All of the above had a negative impact on the political, economic and social situation in the country. The end results were overcrowded jails that up to today are populated with young men most of whom were born and brought up under the PPP/C regime. It is this reality that was inherited by the APNU+AFC coalition government. It is obvious that in the prisons the “chickens” came home to roost – so to speak – and the phenomenon of the prisoners on the “roof” to “riots and fires” were spawned. The nation is now reaping the seeds that were sowed by the PPP/C administration, which is proving to be a difficult situation for the present government, given the population’s desire for a significant reduction in crime.
Minister Ramjattan‘s statement that “improved prisons hinged on oil money”, when taken with his revelation that the government had unsuccessfully, approached international agencies for finance to build new prisons seems to suggest that the administration is anticipating a rise, rather than a reduction, in the prison population in the immediate period ahead. This is a frightening thought, even though all that the minister may have been doing is expressing the thinking of the cabinet, and what his security advisors may have told him.
With the pending oil wealth, we as a nation must commit to public policies which are designed to address the fundamental social and economic issues that are negatively impacting the nation, particularly among the youth population, with the intention of reducing the flow of citizens entering the prisons. When it is realized that the vast majority of these citizens are from the poor and powerless in the society the need for action becomes more urgent.

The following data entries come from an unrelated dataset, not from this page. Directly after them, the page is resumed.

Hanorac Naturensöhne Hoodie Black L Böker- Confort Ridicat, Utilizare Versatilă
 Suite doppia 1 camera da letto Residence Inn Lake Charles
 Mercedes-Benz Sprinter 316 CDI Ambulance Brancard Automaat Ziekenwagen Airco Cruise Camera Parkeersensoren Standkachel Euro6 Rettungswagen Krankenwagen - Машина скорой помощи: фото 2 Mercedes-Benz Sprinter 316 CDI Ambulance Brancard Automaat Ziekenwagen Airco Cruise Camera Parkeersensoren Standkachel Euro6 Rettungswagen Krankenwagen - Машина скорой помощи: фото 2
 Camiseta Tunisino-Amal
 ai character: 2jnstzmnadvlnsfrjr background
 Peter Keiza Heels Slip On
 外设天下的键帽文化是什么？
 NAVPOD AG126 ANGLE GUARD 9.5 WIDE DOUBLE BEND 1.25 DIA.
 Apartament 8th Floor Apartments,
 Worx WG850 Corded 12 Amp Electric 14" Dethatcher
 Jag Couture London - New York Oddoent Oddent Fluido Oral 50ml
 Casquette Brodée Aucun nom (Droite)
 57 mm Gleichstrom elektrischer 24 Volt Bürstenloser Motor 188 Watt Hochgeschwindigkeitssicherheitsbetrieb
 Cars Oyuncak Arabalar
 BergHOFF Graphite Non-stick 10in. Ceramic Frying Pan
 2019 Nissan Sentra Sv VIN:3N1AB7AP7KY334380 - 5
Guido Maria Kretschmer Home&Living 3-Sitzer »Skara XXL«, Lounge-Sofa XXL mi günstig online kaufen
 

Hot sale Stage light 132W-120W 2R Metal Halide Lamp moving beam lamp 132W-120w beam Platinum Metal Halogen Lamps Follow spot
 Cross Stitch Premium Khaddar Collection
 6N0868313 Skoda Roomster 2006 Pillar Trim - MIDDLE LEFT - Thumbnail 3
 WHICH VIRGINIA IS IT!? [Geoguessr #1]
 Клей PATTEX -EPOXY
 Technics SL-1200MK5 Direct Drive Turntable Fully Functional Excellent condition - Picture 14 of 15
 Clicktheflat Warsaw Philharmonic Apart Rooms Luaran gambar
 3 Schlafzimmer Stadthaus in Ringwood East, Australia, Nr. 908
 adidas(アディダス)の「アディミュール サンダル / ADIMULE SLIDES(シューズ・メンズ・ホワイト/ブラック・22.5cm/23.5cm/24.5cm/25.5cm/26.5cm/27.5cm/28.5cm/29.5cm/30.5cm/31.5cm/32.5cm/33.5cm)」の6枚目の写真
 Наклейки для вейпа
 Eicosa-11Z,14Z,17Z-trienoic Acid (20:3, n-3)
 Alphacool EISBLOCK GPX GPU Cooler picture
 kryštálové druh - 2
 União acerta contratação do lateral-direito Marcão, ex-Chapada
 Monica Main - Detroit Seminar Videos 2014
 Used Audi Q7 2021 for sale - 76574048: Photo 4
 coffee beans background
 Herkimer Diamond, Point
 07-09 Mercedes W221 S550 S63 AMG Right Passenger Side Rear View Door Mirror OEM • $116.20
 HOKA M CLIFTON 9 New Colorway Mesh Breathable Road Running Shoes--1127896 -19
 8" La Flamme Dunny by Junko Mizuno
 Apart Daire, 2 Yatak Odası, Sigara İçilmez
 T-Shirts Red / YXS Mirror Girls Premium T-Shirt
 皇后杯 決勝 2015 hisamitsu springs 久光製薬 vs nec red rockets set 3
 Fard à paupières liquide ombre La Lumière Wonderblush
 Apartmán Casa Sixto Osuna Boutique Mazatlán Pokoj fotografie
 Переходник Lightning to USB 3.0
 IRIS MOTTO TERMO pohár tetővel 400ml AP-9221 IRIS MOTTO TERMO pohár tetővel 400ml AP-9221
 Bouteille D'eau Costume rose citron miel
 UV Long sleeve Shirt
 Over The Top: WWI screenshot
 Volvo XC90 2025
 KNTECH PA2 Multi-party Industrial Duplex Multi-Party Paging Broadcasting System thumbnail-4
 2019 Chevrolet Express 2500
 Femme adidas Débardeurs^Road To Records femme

The logic of this argument is that we must stop thinking of building new prisons instead, we ought to be looking at meaningful solutions to reduce the need for jails. Guyana needs a more enlightened policy to address the country’s prison challenges both in the short and long term. Oil money will give us the opportunity to do so. Cash payouts from oil revenues to Guyanese households will contribute to the limitation of the spread of poverty and crime among the nation’s youths by economically empowering poor households.